January 20, 2010 / 12:22 AM / 9 years ago

Euro at 5-month low, stocks fall on China move

NEW YORK (Reuters) - The euro slumped to five-month lows on Wednesday amid worries over Greece’s fiscal woes and as global equity markets sold off as China, the world’s growth engine, ordered banks to curb lending to cool its economy.

A woman looks at an electronic board with stocks information at a brokerage house in Hefei, Anhui province January 12, 2010. REUTERS/Stringer

Crude oil futures dipped below $78 a barrel while copper, a proxy for Chinese growth, shed nearly 2 percent on fears that demand in China will slow as authorities tighten monetary policy.

The lending restrictions in China sparked worries about the global economic recovery, knocking equity markets around the world and pushing the U.S. dollar to a one-month high against a basket of major currencies.

A surge in new lending this month in China triggered a series of steps by authorities to rid the financial system of excess cash that can fuel inflation and asset bubbles.

On Wall Street, U.S. stocks slipped almost 2 percent before recouping some losses, but the Dow Jones industrial average still suffered its worst drop of 2010, while MSCI’s all-country world index fell 1.6 percent. European stocks earlier closed down 1.5 percent.

The stronger dollar crimped commodities prices while investor unease over a conservative outlook from International Business Machines Corp (IBM.N) weighed on technology shares.

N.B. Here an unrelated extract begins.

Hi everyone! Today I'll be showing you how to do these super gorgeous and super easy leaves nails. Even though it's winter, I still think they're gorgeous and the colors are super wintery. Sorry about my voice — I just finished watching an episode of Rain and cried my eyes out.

IBM’s earnings outlook for 2010 implies a slowdown in earnings-per-share growth compared to recent years, analysts said. Its shares slid 2.9 percent.

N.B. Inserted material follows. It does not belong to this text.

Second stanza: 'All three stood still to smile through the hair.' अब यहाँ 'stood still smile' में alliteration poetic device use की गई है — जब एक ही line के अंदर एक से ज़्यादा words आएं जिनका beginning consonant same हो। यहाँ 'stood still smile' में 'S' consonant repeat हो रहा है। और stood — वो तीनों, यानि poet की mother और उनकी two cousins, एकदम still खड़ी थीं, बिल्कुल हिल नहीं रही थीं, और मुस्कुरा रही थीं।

“You combine what’s going on in China with the strength in the dollar and you have an unwind of the commodity trade,” said Peter Boockvar, equity strategist at Miller Tabak & Co in New York. “Then you throw in mediocre earnings relative to expectations and the market is taking a well-needed correction.”

The CBOE Volatility index .VIX, Wall Street’s favorite measure of investor fear, settled up more than 6.25 percent, but not before jumping more than 11 percent — its biggest one-day jump in nearly two months — as caution swirled.

Shares of commodity-related companies dragged the S&P materials sector .GSPM down more than 1.5 percent. The Reuters/Jefferies CRB Index .CRB was down about 1.33 percent.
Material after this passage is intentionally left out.